* Assignment:
From the entries below, return exactly the lines beginning at the one that contains "Mtn Bear Laser" and ending at the one that contains "Victorinox Swiss Champ", both of them included, and only those lines.

* Record excerpts:
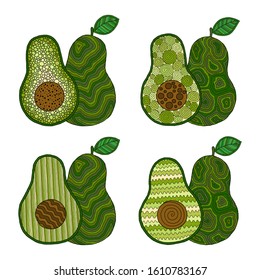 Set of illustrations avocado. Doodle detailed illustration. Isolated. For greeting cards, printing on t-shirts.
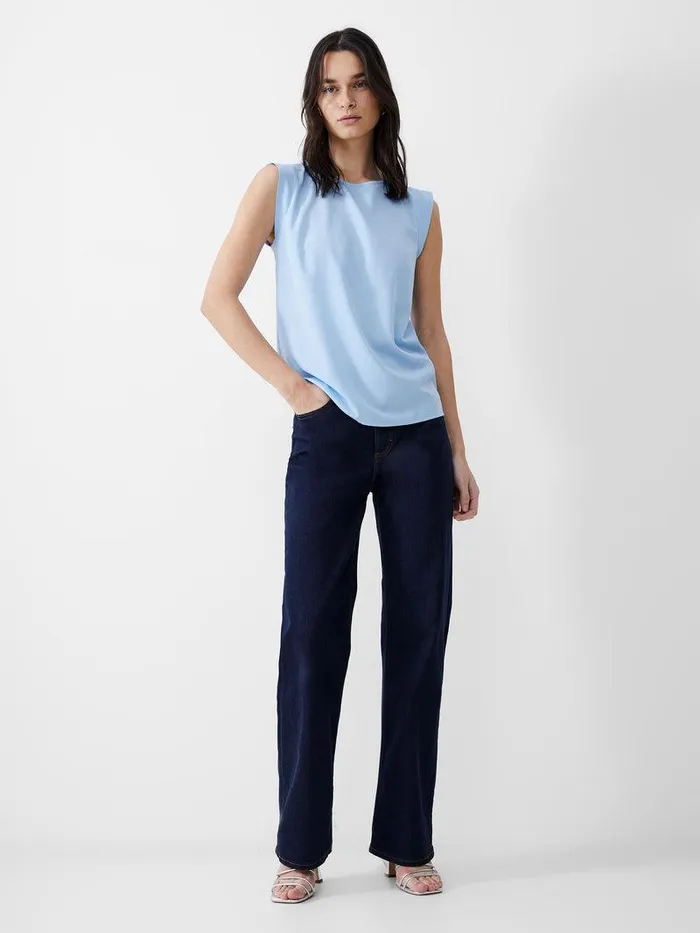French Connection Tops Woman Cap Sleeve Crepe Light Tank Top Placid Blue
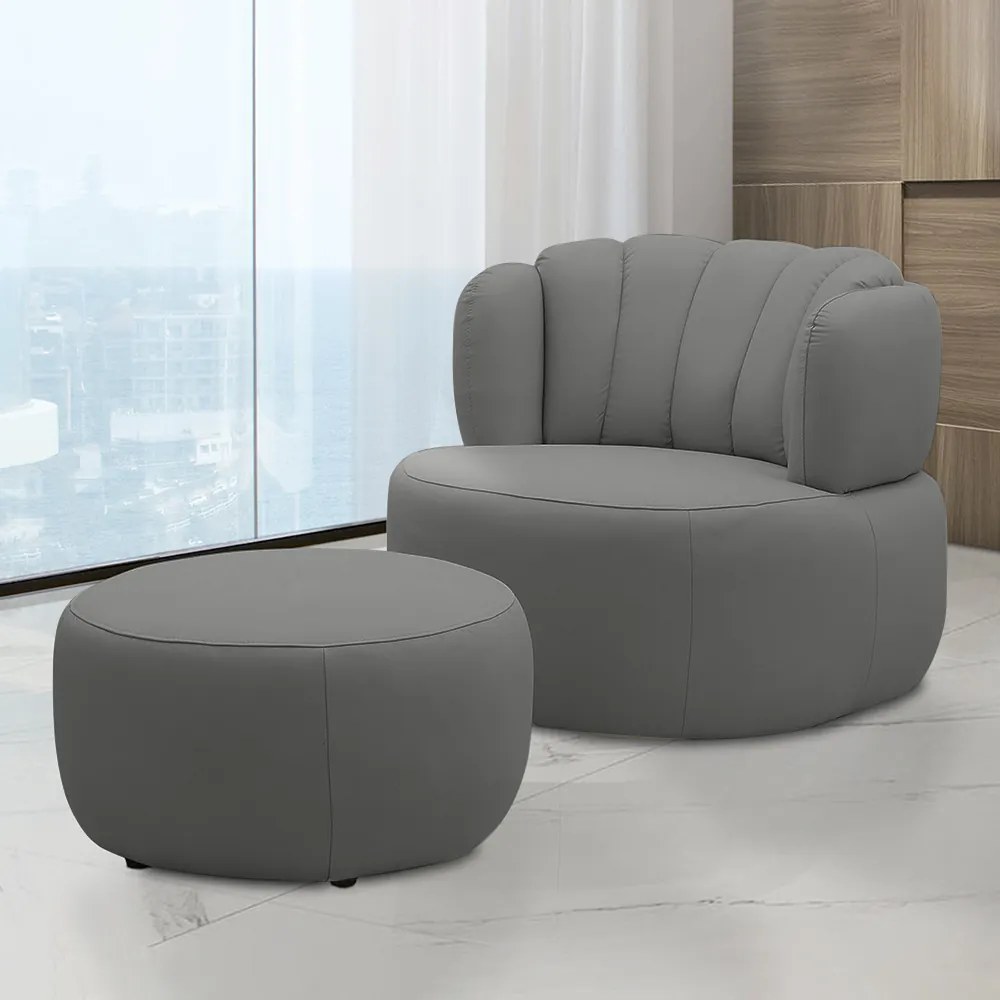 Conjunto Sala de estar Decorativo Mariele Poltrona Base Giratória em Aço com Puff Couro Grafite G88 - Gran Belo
---
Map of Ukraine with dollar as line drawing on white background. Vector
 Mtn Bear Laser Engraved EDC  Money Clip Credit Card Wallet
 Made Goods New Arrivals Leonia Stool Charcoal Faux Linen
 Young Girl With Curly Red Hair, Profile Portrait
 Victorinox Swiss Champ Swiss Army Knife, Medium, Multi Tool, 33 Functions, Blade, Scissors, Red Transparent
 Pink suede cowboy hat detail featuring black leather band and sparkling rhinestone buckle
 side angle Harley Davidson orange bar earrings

* Your solution:
 Mtn Bear Laser Engraved EDC  Money Clip Credit Card Wallet
 Made Goods New Arrivals Leonia Stool Charcoal Faux Linen
 Young Girl With Curly Red Hair, Profile Portrait
 Victorinox Swiss Champ Swiss Army Knife, Medium, Multi Tool, 33 Functions, Blade, Scissors, Red Transparent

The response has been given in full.